### AIM OF THE TASK
Each line below must be reproduced exactly.

Short descriptive text snippets
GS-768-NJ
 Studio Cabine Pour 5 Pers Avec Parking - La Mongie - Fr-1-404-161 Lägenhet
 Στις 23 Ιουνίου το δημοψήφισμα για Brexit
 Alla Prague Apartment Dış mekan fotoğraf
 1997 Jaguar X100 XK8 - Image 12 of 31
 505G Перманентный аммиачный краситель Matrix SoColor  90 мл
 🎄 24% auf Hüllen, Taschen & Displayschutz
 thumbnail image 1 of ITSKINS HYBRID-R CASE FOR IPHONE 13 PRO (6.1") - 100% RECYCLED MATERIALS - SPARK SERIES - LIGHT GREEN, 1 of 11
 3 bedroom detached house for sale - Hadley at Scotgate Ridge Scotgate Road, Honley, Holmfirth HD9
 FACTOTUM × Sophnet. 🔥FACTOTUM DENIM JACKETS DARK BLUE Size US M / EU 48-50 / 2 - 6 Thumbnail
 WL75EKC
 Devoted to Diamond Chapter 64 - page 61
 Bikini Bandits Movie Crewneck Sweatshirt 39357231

### SOLVED PROBLEM
GS-768-NJ
 Studio Cabine Pour 5 Pers Avec Parking - La Mongie - Fr-1-404-161 Lägenhet
 Στις 23 Ιουνίου το δημοψήφισμα για Brexit
 Alla Prague Apartment Dış mekan fotoğraf
 1997 Jaguar X100 XK8 - Image 12 of 31
 505G Перманентный аммиачный краситель Matrix SoColor  90 мл
 🎄 24% auf Hüllen, Taschen & Displayschutz
 thumbnail image 1 of ITSKINS HYBRID-R CASE FOR IPHONE 13 PRO (6.1") - 100% RECYCLED MATERIALS - SPARK SERIES - LIGHT GREEN, 1 of 11
 3 bedroom detached house for sale - Hadley at Scotgate Ridge Scotgate Road, Honley, Holmfirth HD9
 FACTOTUM × Sophnet. 🔥FACTOTUM DENIM JACKETS DARK BLUE Size US M / EU 48-50 / 2 - 6 Thumbnail
 WL75EKC
 Devoted to Diamond Chapter 64 - page 61
 Bikini Bandits Movie Crewneck Sweatshirt 39357231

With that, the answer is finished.